Insieme ai tassisti, sono il settore che da sempre è riuscito a indurre i governi di turno a cambiare idea, quando si trattava di modificare il loro status quo, fatto di rinnovi automatici delle concessioni di beni demaniali, ossia dello Stato. Automatismi che l'Europa non vuole più.
Dopo la serrata del 9 agosto ogni giorno arrivano lettere e comunicati di protesta per tenere alta l'attenzione sulla problematica, e intanto c'è chi esagera: a Cesenatico due imprenditori sono stati denunciati dalla guardia costiera perché avevano abusivamente allargato l'area della loro concessione, occupando un pezzo di spiaggia libera con ombrelloni e lettini.
Ma in concreto cosa vorrebbe fare il governo?

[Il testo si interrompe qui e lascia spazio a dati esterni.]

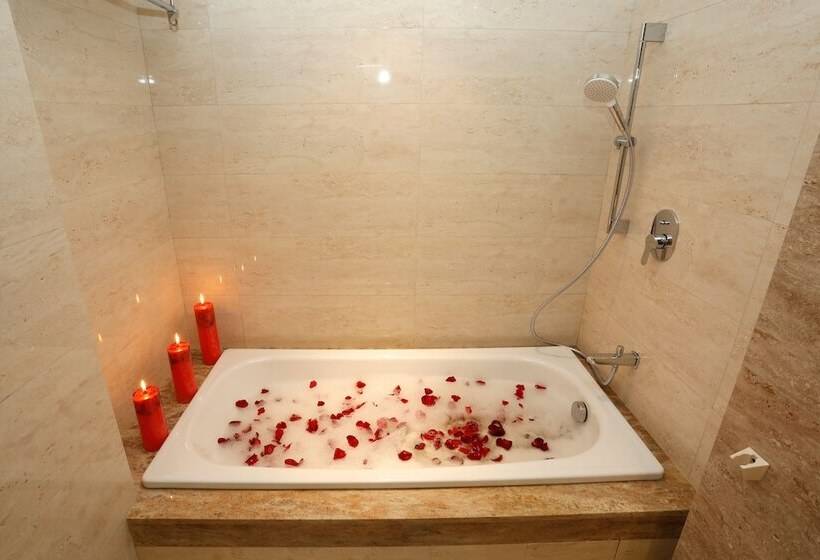 اتاق لوکس, Crowne Imperial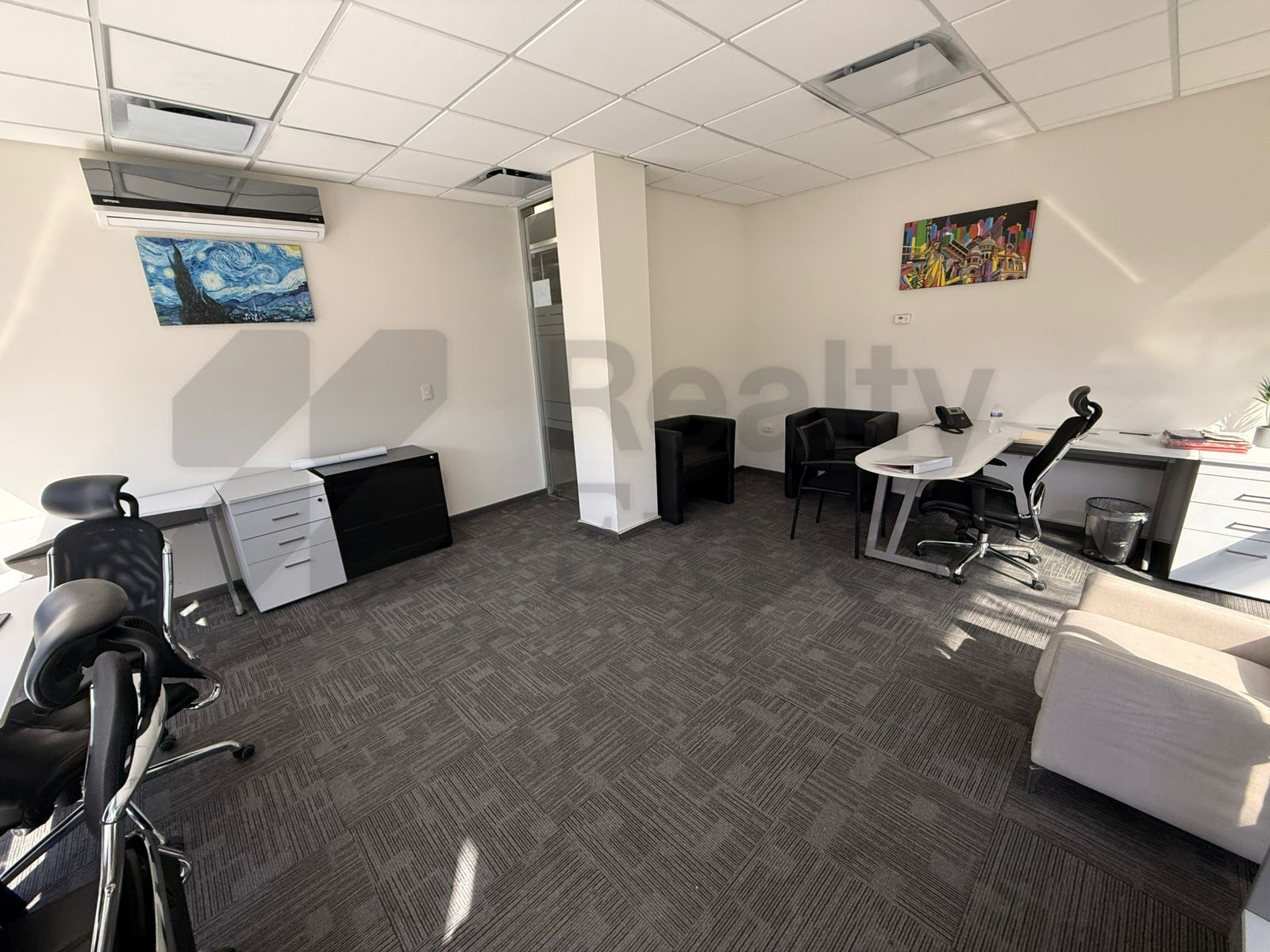 Edificio de Oficinas en Renta en Loma larga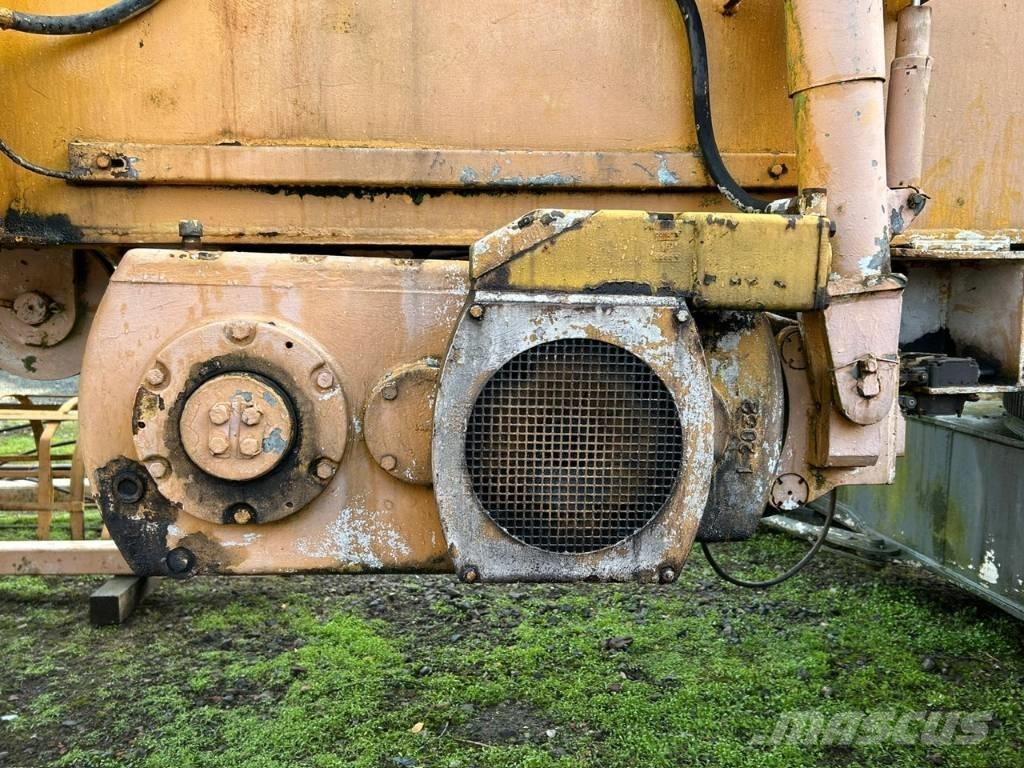 Liebherr 88 K Parti e equipaggiamenti per Gru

A quanto pare dovrà rimetterci mano il ministro per gli Affari Europei Raffaele Fitto, che se n'era interessato già 14 anni fa, anzitutto cercando in ogni modo di evitare lo scontro con l'Europa. Si ragiona su un nuovo decreto salva-infrazioni, sul modello di quello approvato un anno fa per chiudere una serie di infrazioni, con anche le norme per superare la questione balneari senza proroghe, ma prevedendo indennizzi e riconoscimenti degli investimenti fatti negli stabilimenti e al massimo, solo per alcuni casi specifici, lo slittamento dell'avvio delle gare per riassegnare le concessioni scadute a fine 2024.
“A Riccione abbiamo almeno 7 km di spiaggia e 130 stabilimenti circa – scrive Diego Casadei, presidente dell'associazione bagnini di Riccione – Questa rischia di essere la nostra ultima estate dopo decenni di grandi sacrifici: in molti casi – puntualizza – abbiamo gestioni storiche risalenti anche alla terza, quarta generazione. Giusto rispettare le norme europee – conclude – ma anche rispettare le persone e le loro storie”.